Wait, this man won a silver medal?
He did win a silver medal, somehow, despite everyone and their brother being in contention for the podium Sunday afternoon at Kasumigaseki Country Club. On this gettable golf course, where we’d seen three 63s entering the final round, Sabbatini shot the round of the week: a 61 with 10 birdies, two bogeys and a hole-out eagle.
When I found the man on the 15th green, he was as cool as could be. Eight under for the day, he greeted KJ Choi on the 16th tee with “Hola Señor.” (Neither player is fluent in Spanish.) KJ laughed, and responded slowly, “I am very impressed with you.” Everyone else on the course was, too. How was that Rory shooting this round?
“Not bad for a grandpa, huh?” he replied. Things were going so well for Sabbatini that he cast away practice swings entirely. Perhaps conserving energy, given the 104-degree heat index.
Only that first swing on 16 was one of his worst swings of the day, warmup included. Not a second after contact he said, “Oh my god, Rory. Really?” The ball started right and ended right, short of the green side bunker and short-sided to the tricky hole location. When his par-saver stayed outside the jar, he stared up to the sky for an uncomfortable five seconds. Mackenzie Hughes didn’t know what to do, so he waited for Sabbatini to clear his mind before continuing.
“You got what you deserve,” he muttered to himself heading to the 17th tee. Then came another uncomfortable moment of reflection in which Sabbatini stepped away from the tee box and stared out over a fence bordering the property. Only a couple volunteers and four security guards were there to watch him. Twenty long seconds passed before he turned back to the tee, exhaling and starting anew. If he thought he had one foot on the podium through 15, he had to think he’d kicked himself off it on 16.

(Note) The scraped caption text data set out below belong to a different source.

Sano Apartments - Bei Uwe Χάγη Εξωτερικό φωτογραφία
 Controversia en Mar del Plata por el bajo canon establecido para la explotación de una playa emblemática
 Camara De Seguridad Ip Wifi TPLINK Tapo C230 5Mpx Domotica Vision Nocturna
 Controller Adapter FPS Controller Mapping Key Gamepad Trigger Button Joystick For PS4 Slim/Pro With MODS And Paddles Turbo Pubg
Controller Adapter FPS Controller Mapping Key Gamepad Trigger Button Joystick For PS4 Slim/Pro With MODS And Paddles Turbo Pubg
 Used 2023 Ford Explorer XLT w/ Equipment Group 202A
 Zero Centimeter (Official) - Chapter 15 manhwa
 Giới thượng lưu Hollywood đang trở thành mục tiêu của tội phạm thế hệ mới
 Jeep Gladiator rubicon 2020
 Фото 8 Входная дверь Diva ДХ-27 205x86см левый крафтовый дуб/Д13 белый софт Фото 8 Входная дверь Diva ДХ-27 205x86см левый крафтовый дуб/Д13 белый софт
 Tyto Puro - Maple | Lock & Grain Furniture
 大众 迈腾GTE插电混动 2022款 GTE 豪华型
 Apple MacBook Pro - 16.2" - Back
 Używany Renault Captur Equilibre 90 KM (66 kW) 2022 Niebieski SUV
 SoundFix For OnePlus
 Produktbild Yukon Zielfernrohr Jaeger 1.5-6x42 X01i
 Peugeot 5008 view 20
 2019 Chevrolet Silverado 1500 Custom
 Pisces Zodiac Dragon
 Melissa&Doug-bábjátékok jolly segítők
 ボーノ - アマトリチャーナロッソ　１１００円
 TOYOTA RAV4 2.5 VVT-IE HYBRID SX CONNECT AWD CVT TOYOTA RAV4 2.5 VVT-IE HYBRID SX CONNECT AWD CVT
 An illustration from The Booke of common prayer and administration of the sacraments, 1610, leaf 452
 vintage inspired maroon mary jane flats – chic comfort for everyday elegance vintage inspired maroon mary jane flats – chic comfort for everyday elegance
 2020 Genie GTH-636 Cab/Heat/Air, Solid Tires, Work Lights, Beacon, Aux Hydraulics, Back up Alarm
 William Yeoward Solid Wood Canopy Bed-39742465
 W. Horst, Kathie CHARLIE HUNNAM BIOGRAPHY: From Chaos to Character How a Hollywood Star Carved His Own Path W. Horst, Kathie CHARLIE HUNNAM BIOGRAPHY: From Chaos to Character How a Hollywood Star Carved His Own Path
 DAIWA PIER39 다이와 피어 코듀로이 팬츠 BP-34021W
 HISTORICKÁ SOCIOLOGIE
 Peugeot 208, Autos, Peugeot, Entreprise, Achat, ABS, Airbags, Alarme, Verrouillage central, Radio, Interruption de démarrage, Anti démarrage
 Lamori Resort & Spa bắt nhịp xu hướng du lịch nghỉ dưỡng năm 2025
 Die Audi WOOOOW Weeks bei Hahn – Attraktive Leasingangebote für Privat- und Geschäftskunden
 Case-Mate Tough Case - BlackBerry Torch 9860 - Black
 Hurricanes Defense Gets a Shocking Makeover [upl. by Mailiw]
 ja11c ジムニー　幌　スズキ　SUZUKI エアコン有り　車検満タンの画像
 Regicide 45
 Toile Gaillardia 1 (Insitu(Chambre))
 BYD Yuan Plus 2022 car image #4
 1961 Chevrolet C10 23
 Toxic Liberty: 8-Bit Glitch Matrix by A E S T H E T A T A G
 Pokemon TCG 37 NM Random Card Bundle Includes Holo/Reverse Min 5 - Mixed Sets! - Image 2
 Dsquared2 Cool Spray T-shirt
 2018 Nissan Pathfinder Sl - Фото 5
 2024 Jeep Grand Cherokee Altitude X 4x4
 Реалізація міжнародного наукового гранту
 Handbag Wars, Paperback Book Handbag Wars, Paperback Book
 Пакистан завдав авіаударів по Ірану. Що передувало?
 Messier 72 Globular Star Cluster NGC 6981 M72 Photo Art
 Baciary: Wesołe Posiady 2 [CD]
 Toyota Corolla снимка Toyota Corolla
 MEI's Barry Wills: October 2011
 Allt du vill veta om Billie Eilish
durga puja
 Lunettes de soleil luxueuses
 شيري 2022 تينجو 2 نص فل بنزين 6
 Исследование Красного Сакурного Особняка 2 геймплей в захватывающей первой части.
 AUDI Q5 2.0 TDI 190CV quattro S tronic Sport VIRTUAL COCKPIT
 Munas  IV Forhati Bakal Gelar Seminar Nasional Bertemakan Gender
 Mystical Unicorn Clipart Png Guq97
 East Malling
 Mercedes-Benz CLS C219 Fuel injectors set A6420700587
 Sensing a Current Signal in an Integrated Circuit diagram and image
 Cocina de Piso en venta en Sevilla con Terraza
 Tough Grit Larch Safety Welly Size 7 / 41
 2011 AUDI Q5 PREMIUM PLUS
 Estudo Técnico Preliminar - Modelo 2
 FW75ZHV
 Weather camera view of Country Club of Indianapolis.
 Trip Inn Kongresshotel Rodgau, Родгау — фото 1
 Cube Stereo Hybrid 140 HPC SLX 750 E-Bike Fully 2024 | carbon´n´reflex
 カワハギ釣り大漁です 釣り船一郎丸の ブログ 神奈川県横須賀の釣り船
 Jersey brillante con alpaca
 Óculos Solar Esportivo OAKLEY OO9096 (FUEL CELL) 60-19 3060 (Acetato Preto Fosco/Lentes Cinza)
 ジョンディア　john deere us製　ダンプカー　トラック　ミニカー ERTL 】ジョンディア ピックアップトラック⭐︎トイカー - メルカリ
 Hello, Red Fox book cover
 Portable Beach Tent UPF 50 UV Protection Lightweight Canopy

But that was the beauty of the Kasumigaseki setup Sunday. The 17th was drivable, and the 18th was difficult. You can birdie the first one, as Sabbatini did, but then you’ll be working hard for the second, which he also did. A blistered drive gave him 202 yards from the fairway, from which he stuck an approach to just 12 feet. Perhaps you’ve seen the putt by now. He knew it was in long before it dropped.
Now might be an appropriate time to mention his citizenship. That story has been told quite well. He was born in South Africa, but now speaks with a Southern twang after a career of pro golf in the States. Only recently did he earn Slovakian citizenship through his wife, who was there to watch the putt drop in Japan. Martina was Rory’s caddie, suffering through the extreme heat and expending what little energy she had left ensuring her husband kept his cool.
Still, the beating sun had taken it out of her, so much that Sabbatini even carried his own bag on the 10th hole Sunday. He’d grab extra clubs from his bag on the tee box — holding three or four in his hands as he walked — just to lighten her load. Sure, he was excited when the putt dropped, but Martina was ecstatic. “Yes, yes, yes!” she screamed. A sure-fire medal for her homeland, and for her hubby. Little did she know how stressful the next two hours would be, waiting to see if that silver might just turn into gold.
Of course, it didn’t, but that was no cause for frustration. Sabbatini left the range upset and gained 3.8 shots on the field on approaches alone. He chased after the young guns with the mentality of a young gun — and he walked away with a silver medal.
“I thought I was so far out of it I didn’t have any expectations,” Sabbatini said, medal hanging from his neck. “So I just kind of went back to how I used to be when I was in my 20s and played aggressive golf.”